Exactly reproduce the line containing "Hey, what's up" and all later lines to the end of the entries, leaving the pictures out of your copy.

<<<<

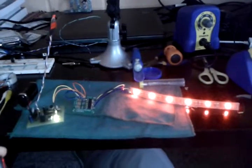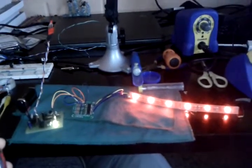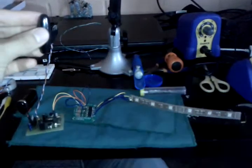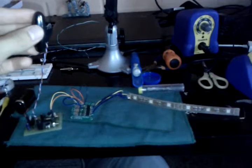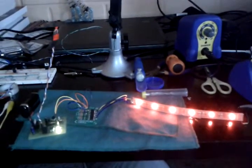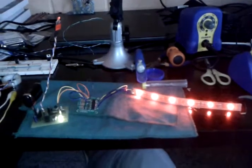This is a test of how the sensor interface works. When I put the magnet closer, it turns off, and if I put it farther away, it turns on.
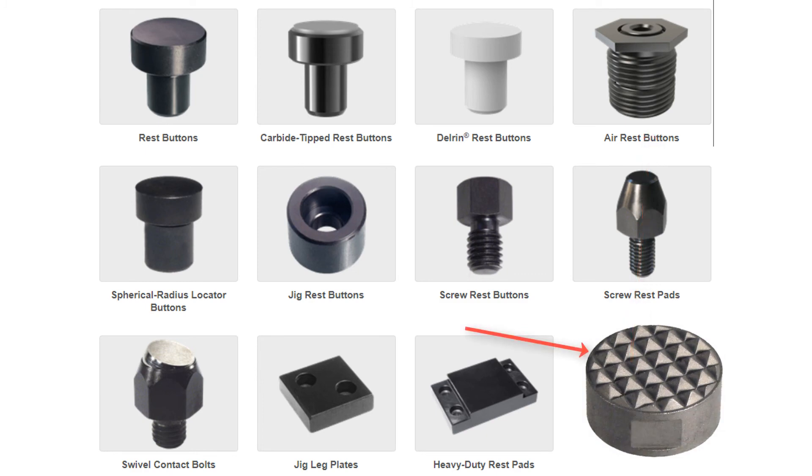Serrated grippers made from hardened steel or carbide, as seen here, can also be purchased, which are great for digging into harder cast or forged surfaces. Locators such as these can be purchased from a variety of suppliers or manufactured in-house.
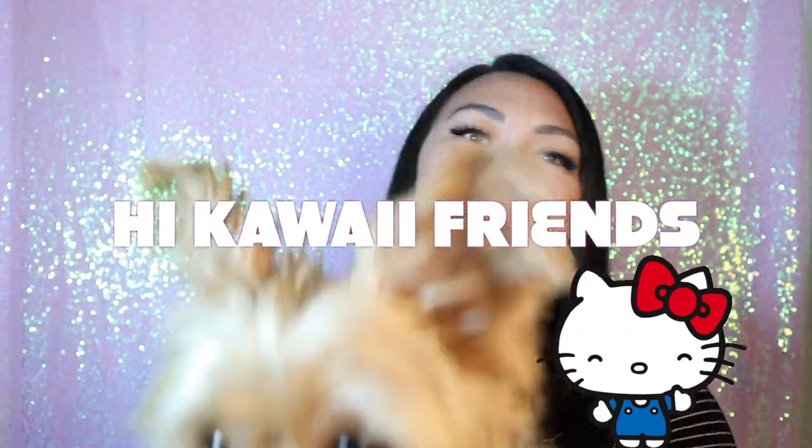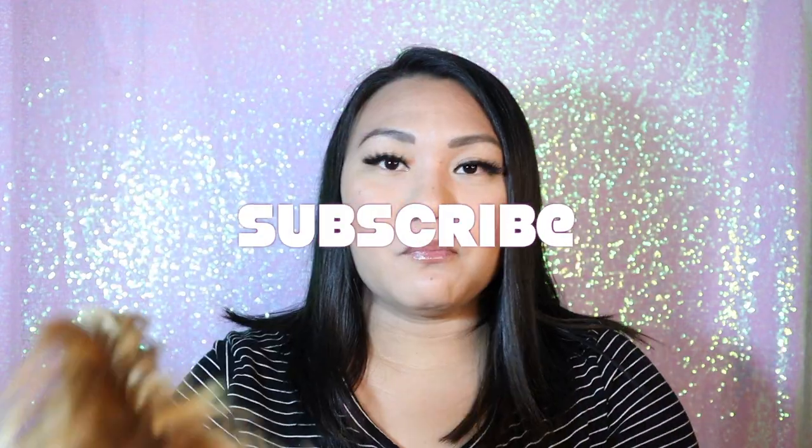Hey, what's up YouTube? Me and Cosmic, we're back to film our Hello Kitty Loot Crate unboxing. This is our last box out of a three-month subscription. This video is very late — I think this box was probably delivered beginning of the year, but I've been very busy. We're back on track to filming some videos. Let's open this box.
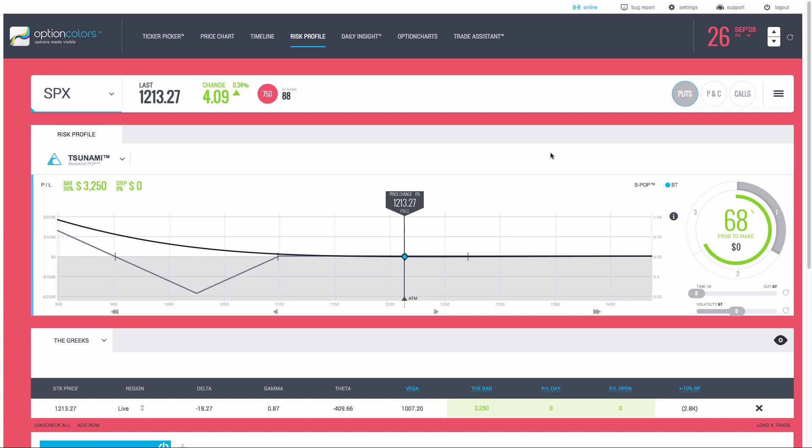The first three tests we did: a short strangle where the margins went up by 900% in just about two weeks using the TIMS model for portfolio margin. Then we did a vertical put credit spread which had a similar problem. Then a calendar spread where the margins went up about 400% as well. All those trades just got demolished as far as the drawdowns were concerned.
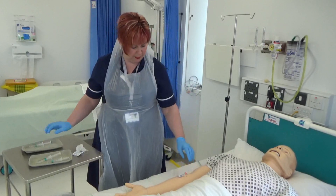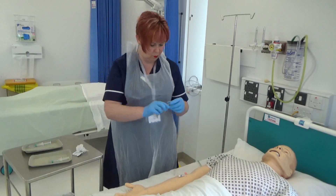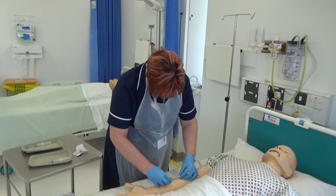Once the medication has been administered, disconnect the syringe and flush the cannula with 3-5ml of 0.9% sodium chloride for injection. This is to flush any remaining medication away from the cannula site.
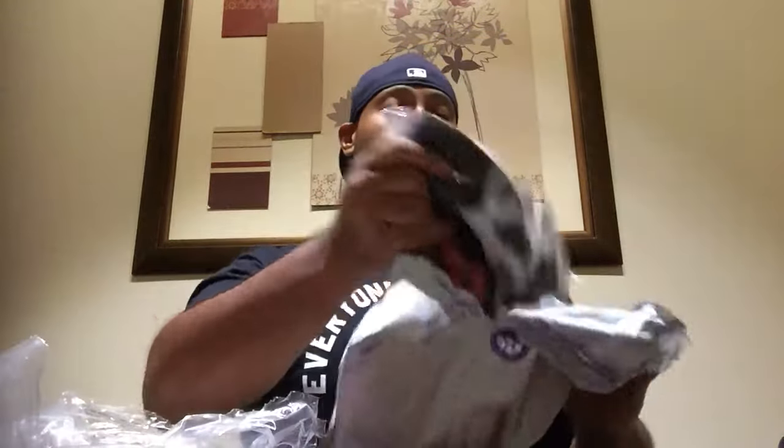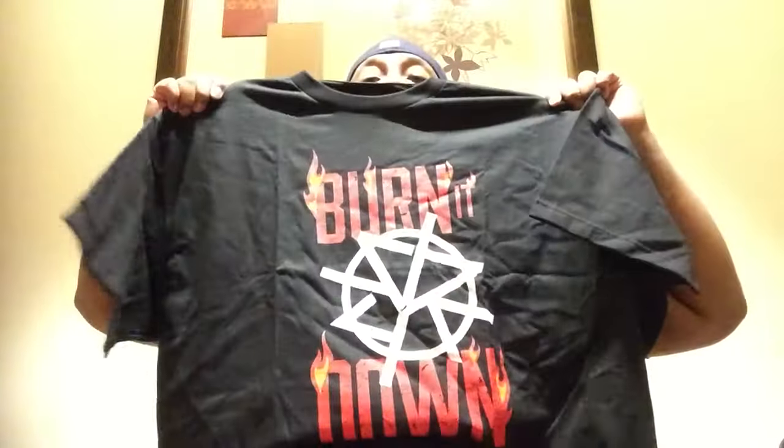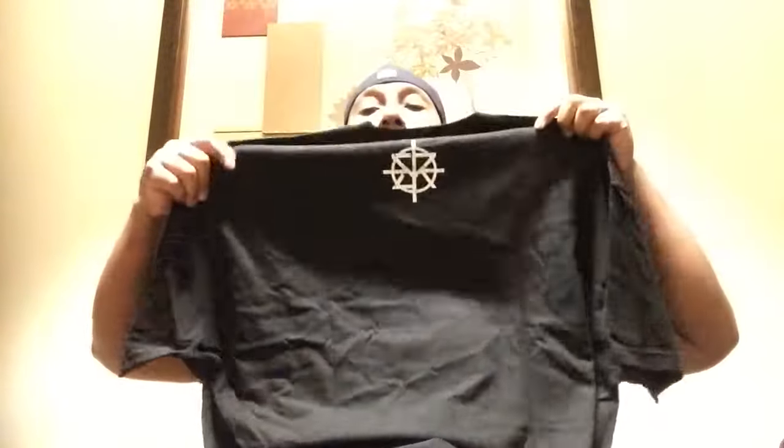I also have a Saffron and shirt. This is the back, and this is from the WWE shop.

>>>>

▸ **ANSWER TO THE PROBLEM**
Hey, what's up YouTube? Me and Cosmic, we're back to film our Hello Kitty Loot Crate unboxing. This is our last box out of a three-month subscription. This video is very late — I think this box was probably delivered beginning of the year, but I've been very busy. We're back on track to filming some videos. Let's open this box.
The first three tests we did: a short strangle where the margins went up by 900% in just about two weeks using the TIMS model for portfolio margin. Then we did a vertical put credit spread which had a similar problem. Then a calendar spread where the margins went up about 400% as well. All those trades just got demolished as far as the drawdowns were concerned.
Once the medication has been administered, disconnect the syringe and flush the cannula with 3-5ml of 0.9% sodium chloride for injection. This is to flush any remaining medication away from the cannula site.
I also have a Saffron and shirt. This is the back, and this is from the WWE shop.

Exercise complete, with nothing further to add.